> [Work instructions]:
Output the listing verbatim, leaving out every picture.

> [Information provided]:
▶
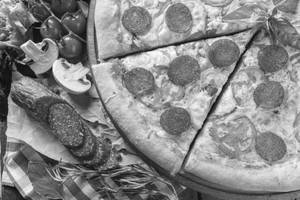Chicken Pepronatta Pizza (10 Inch)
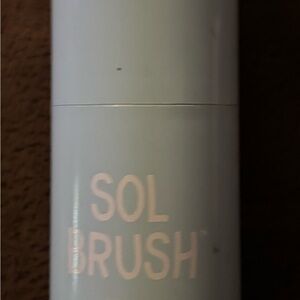 Sol Brush Mineral Powder Sunscreen SPF 50. Small ding on top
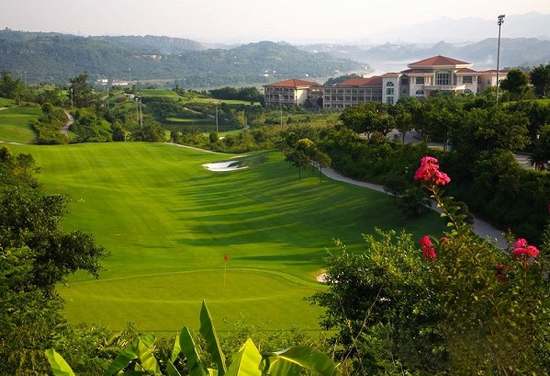 演绎山地球场的极致之美–重庆红鼎高尔夫球会的空间_ 大正网_高尔夫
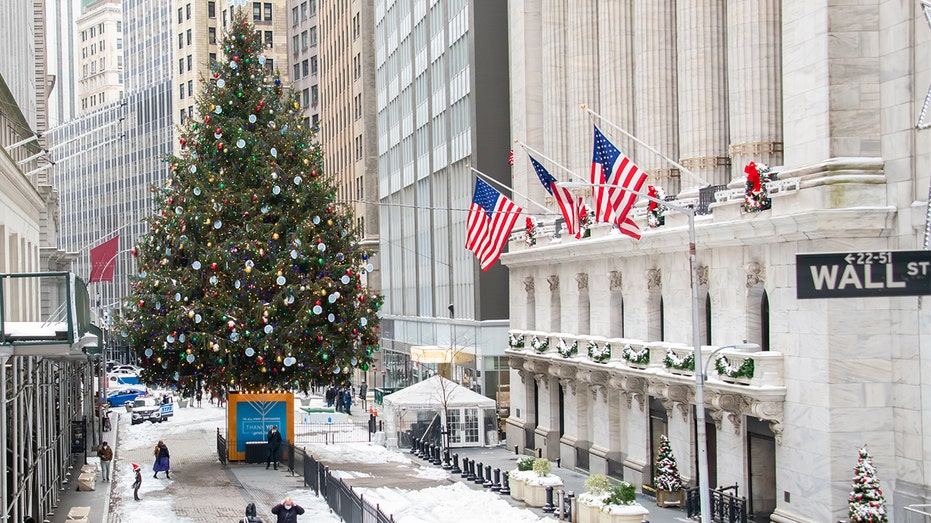 Christmas tree on Wall St.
◀
> [Exercise response]:
Chicken Pepronatta Pizza (10 Inch)
 Sol Brush Mineral Powder Sunscreen SPF 50. Small ding on top
 演绎山地球场的极致之美–重庆红鼎高尔夫球会的空间_ 大正网_高尔夫
 Christmas tree on Wall St.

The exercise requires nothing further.